Eretum Monterotondo, capitan Alessandri è profeta in patria: “Difendere i colori della mia città? Una questione di sentimento…”

Eretum Monterotondo, capitan Alessandri è profeta in patria: “Difendere i colori della mia città? Una questione di sentimento…”

Portiere, filosofo, intessitore di azzeccate trame linguistiche.

Trattenere l’essenza di Carlo Alessandri in un predicato verbale che lo rappresenti nella sua interezza è impresa ardua.

Non meno facile è condensare nella forma costituzionalmente algida di un’intervista scritta le parole, le pause e le riflessioni di un ragazzo che rappresenta un’eccezionalità se messo a paragone con le mille frasi di circostanza che da sempre impregnano il vocabolario calcistico.
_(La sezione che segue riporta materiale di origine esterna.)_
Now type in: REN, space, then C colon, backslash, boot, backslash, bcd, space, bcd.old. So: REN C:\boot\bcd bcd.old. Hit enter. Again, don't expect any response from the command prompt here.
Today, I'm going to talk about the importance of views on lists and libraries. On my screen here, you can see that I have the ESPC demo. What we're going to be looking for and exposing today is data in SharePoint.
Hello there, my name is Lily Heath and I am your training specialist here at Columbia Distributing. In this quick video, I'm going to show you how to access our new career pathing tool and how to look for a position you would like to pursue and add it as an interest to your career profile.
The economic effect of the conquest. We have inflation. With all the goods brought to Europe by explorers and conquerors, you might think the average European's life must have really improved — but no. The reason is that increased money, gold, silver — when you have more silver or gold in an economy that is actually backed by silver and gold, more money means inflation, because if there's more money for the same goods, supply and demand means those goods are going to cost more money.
Due domeniche fa, il capitano dell’Eretum Monterotondo si è reso protagonista di una prestazione sontuosa nel giorno più atteso, quello del derby con i cugini del Real Monterotondo Scalo.
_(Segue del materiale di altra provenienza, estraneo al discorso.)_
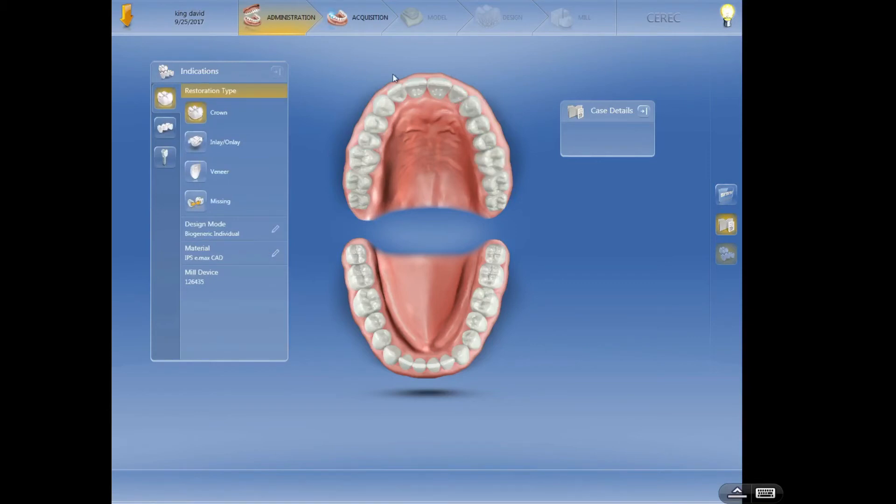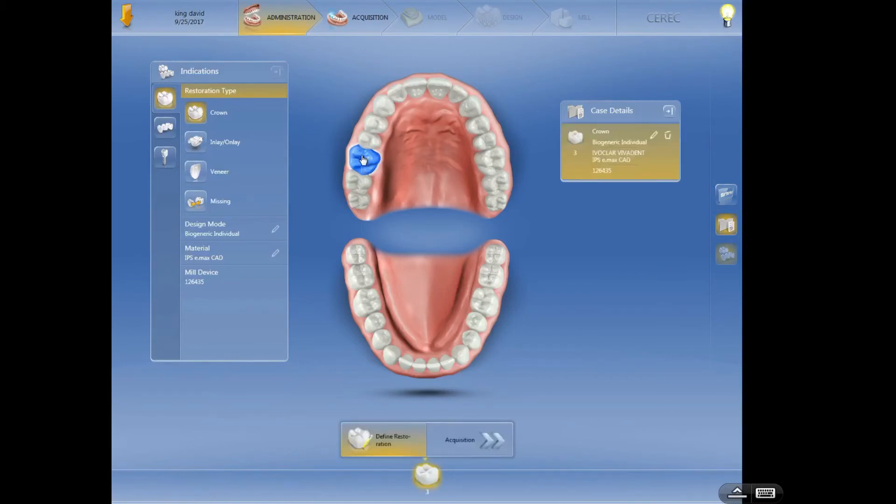And then we select the teeth. So let's just say we're doing a crown on tooth number three. I'm going to select three. I just clicked on it once. Now look over here, we've now got this individual little file for this case, tooth number three.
Un rigore parato ed almeno altri tre interventi provvidenziali hanno spedito di diritto l’estremo difensore gialloblu nella rosa dei candidati al successo nel nostro sondaggio settimanale ed i nostri lettori lo hanno decretato vincitore della contesa.

Di questo e molto altro ancora abbiamo parlato con questo meraviglioso protagonista del nostro calcio.

 

Carlo, in occasione del derby sei stato letteralmente insuperabile.

“Il calcio di rigore che sono riuscito a parare ha rappresentato la ciliegina sulla torta di una grande prestazione da parte di tutta la squadra.

Aggiudicarsi la stracittadina dopo una vittoria pesante come quella di sette giorni prima a Forano è stata una grandissima soddisfazione”.

Cosa si prova nell’attimo che segue una parata come quella di due domeniche fa?

“Non so esattamente come descrivere un momento del genere.

Le emozioni mi si sono letteralmente azzerate, tanto erano arrivate al loro culmine”.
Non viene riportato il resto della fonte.